» Task statement
Return the data below unchanged, without images.
Data section below:
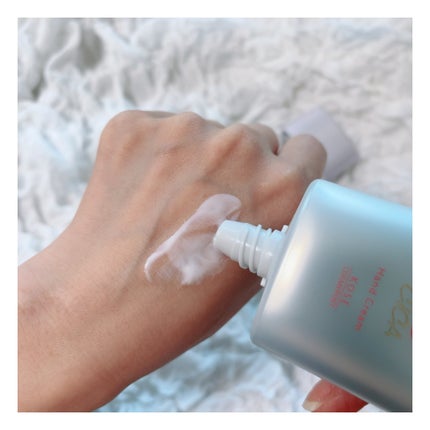 コエンリッチ ザ プレミアム ライトアップ モイストガード ハンドクリーム/コエンリッチQ10/ハンドクリームを使ったクチコミ(2枚目)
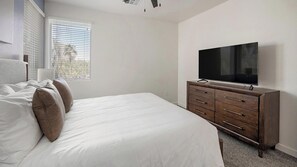 2 bedrooms, desk, iron/ironing board, WiFi - Landing | Beautiful 2BD, Pool, Clubhouse (Glendale)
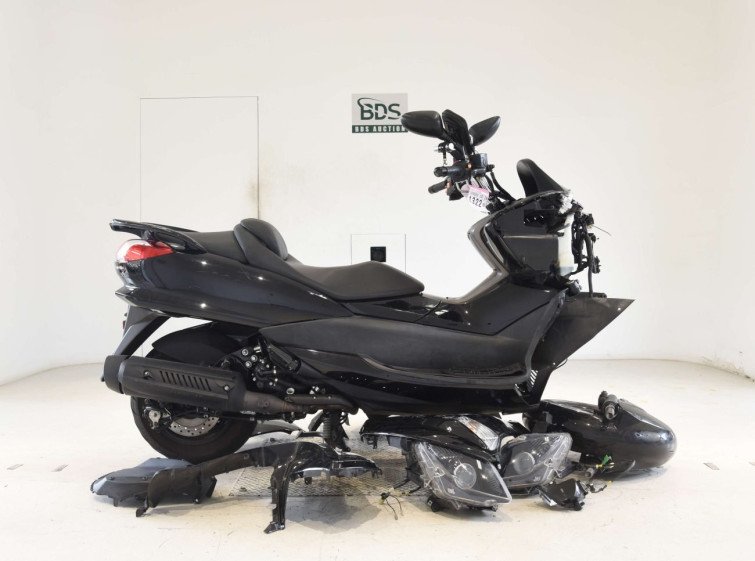 Мотоцикл Yamaha MAJESTY 250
End of Data section.
» Written solution
 コエンリッチ ザ プレミアム ライトアップ モイストガード ハンドクリーム/コエンリッチQ10/ハンドクリームを使ったクチコミ(2枚目)
 2 bedrooms, desk, iron/ironing board, WiFi - Landing | Beautiful 2BD, Pool, Clubhouse (Glendale)
 Мотоцикл Yamaha MAJESTY 250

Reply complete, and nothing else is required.